--- AVAILABLE DATA Enclosed Below ---

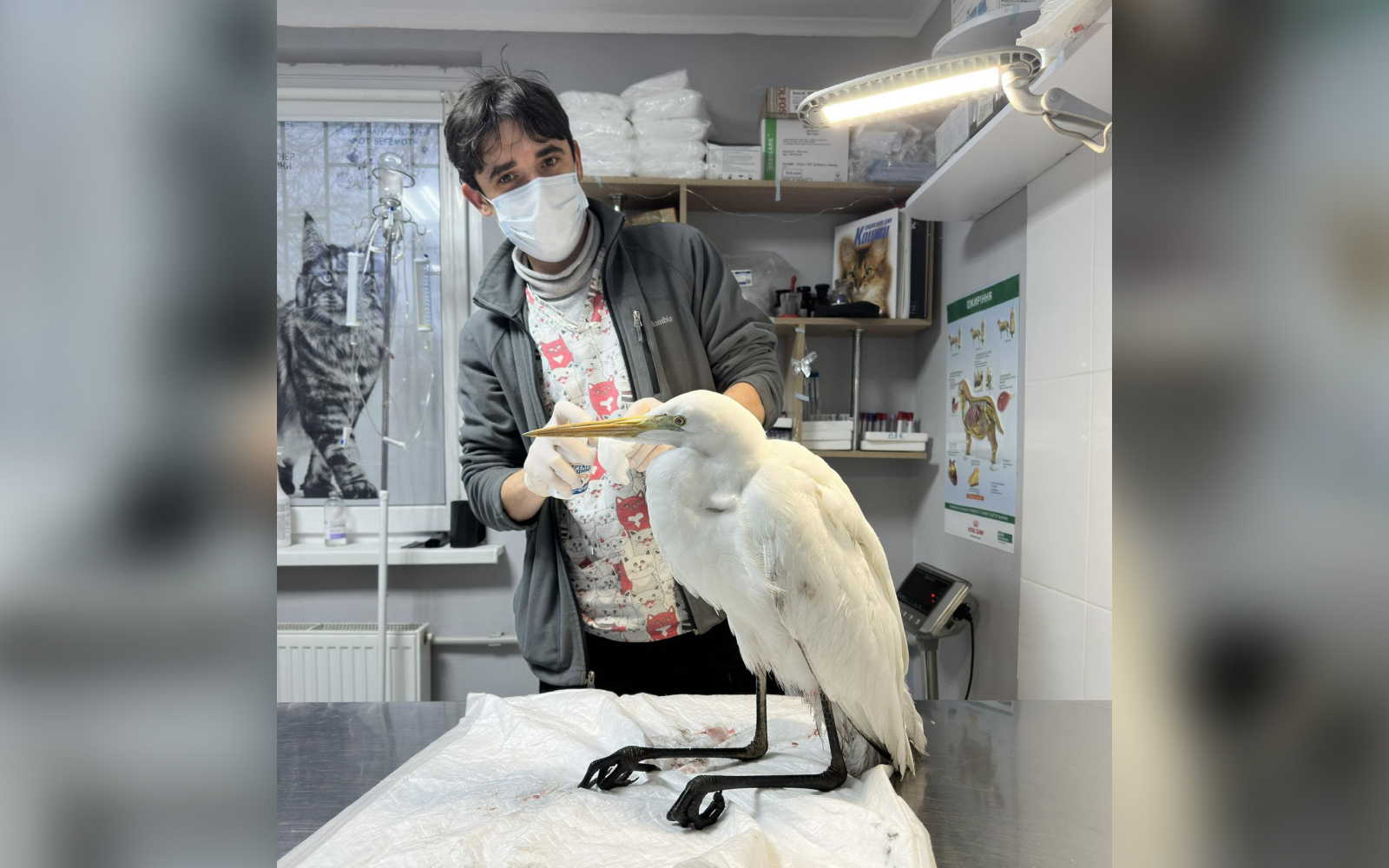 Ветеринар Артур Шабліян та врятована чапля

--- End of Enclosed AVAILABLE DATA ---
--- AVAILABLE DATA Enclosed Below ---

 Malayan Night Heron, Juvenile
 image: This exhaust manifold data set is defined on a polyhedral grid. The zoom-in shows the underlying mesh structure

--- End of Enclosed AVAILABLE DATA ---
--- AVAILABLE DATA Enclosed Below ---

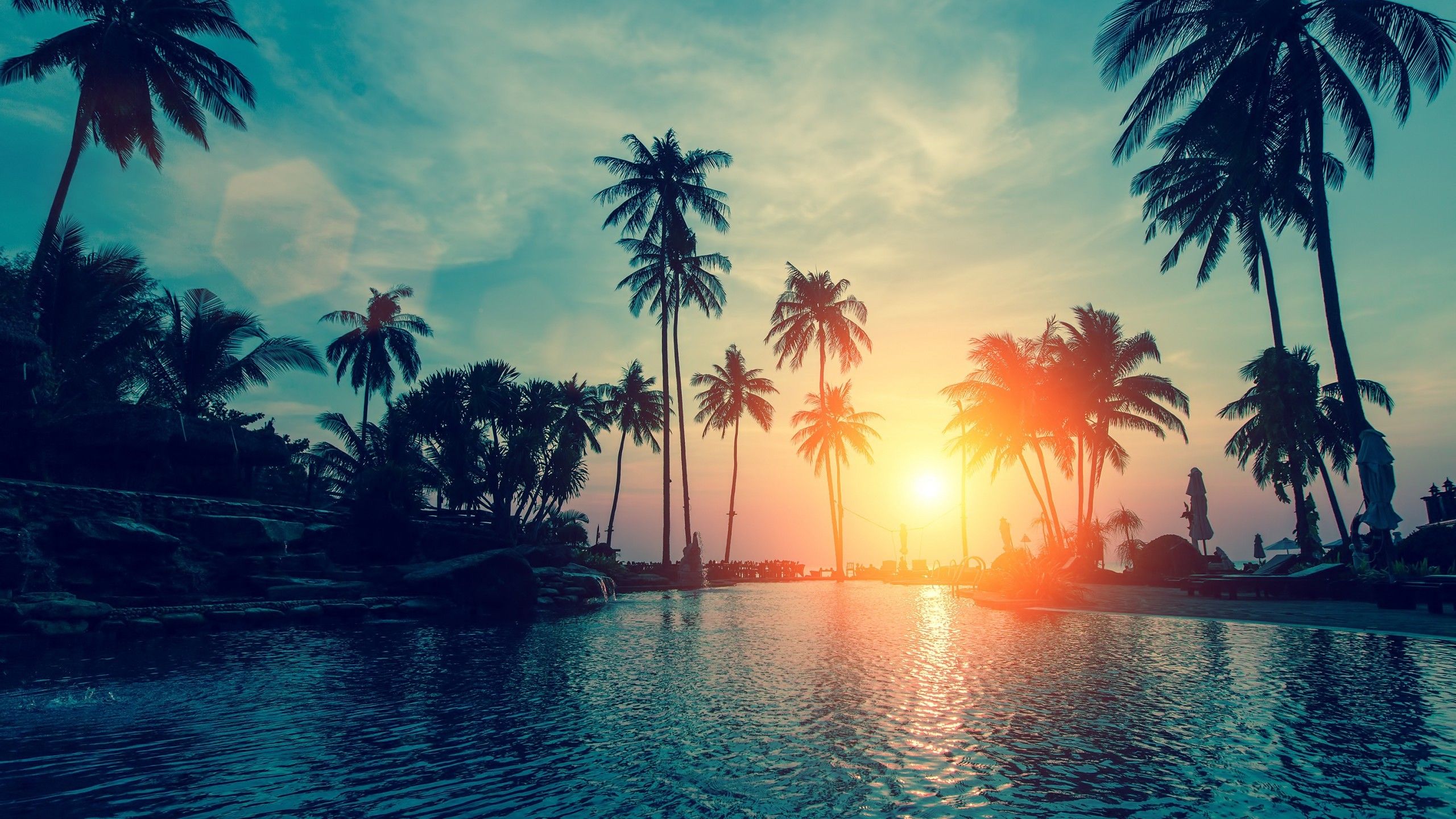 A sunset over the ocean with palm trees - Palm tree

--- End of Enclosed AVAILABLE DATA ---

### WHAT TO DO
Look above for the line containing "Malayan Night Heron, Juvenile". Output from there through the line containing "image: This exhaust", exactly and inclusively.

### SOLUTION FOR THIS EXERCISE
 Malayan Night Heron, Juvenile
 image: This exhaust manifold data set is defined on a polyhedral grid. The zoom-in shows the underlying mesh structure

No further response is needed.